Note: To enable Secure LDAP (LDAPS) connection, you must do additional configuration as documented here: https://www.ibm.com/support/pages/how-setup-ssl-connection-between-websphere-application-server-and-ldap-server

  1. Determine whether or not you need to alter the LDAP and global security options:

    • If you are enabling security for the first time in an environment that is currently open (non-secure), proceed to step 2.

    • If you are installing the SIMULIA Execution Engine for the first time, proceed to step 2.

    • If you are updating a previous installation of the SIMULIA Execution Engine on an application server instance that already has client authentication enabled, proceed to Assigning Users to Roles. All other settings described in Specifying Your LDAP Server Settings and Enabling Global Security in WebSphere should be unchanged and do not need to be altered.

  2. Verify that the WebSphere Application Server is running and that you are logged in to the console.

    For more information, see Starting WebSphere and Determining Server Port Numbers.

  3. On the left side of the console, click Security.
  4. Click Global security.

    The Global security screen appears.

  5. From the Available realm definitions list, select Standalone LDAP registry.
  6. Click Set as current.
  7. Click Configure.
  8. In the Primary administrative user name text box, type the user name (for example, seeadmin).
  9. Verify that Automatically generated server identity is selected.
  10. From the Type of LDAP server list, select the type of server to be used.

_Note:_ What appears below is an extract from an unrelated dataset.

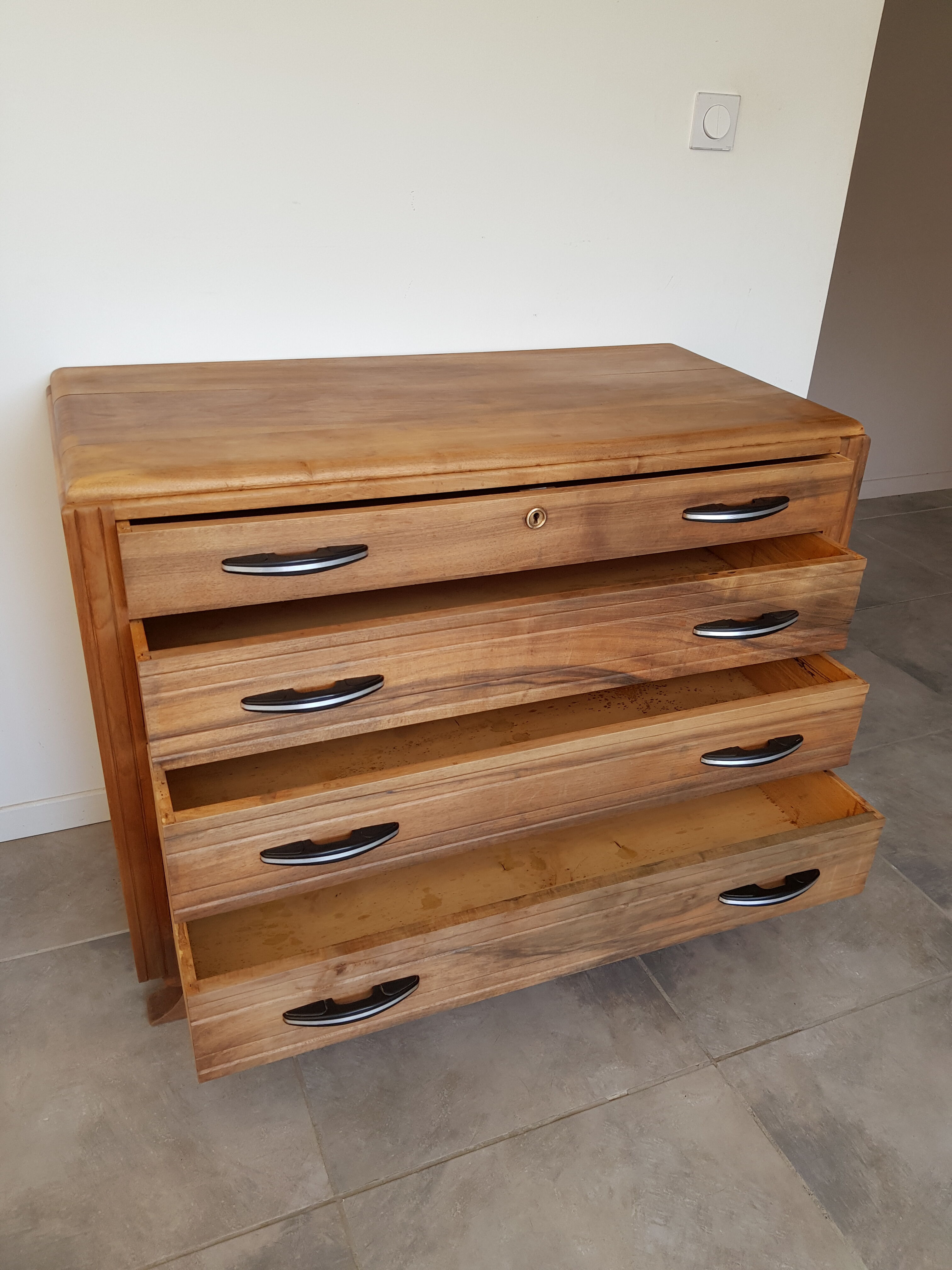 Chest of drawers from the 1950s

    This setting determines the type of LDAP server to be used (for example, Active Directory).

  11. In the Host text box, type the name of the LDAP server host machine.

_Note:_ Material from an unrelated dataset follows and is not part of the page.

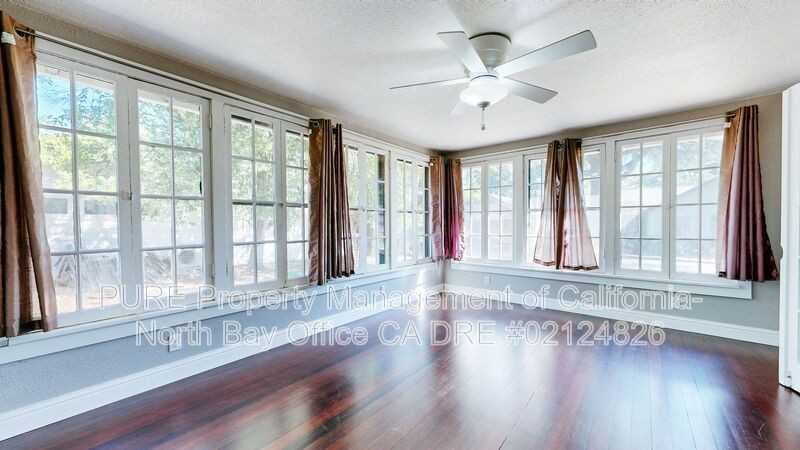 420 S Spring St #1 - Photo 4 of 26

    The fully qualified host name is not required, unless the WebSphere host machine needs a fully qualified name to reach the LDAP server. The short host name is adequate if that's all that is needed to ping the LDAP server.

  12. In the Port text box, type the port number of the LDAP server host (for example, 389).
  13. In the Base distinguished name (DN) text box, specify the necessary information.

    This information represents the starting point in the LDAP tree from which searches should be made for users. Contact your local system administrator for the proper settings.

  14. In the Bind distinguished name (DN) text box, specify the necessary information.

    This setting identifies a specific user in the LDAP directory that is to be used by the WebSphere server when binding with the LDAP server. This setting may be the same user as used to start the WebSphere server or some other user defined in LDAP. It does not need to be the same as the Primary administrative user name. It is specified as a distinguished LDAP name. Contact your local system administrator for the proper settings.

  15. In the Bind password text box, type the password for the Bind distinguished name LDAP user specified in the previous step.

    The remainder of the settings can use their default values.

  16. Click Apply to save the LDAP settings.

    You may have to scroll down to see this button.

  17. Click Test connection at the top of the right side of the console.

    A message appears if the test was successful. If WebSphere is unable to validate the LDAP settings, carefully check the spelling and case of all entries.

  18. Click OK.

    You are returned to the Global security screen.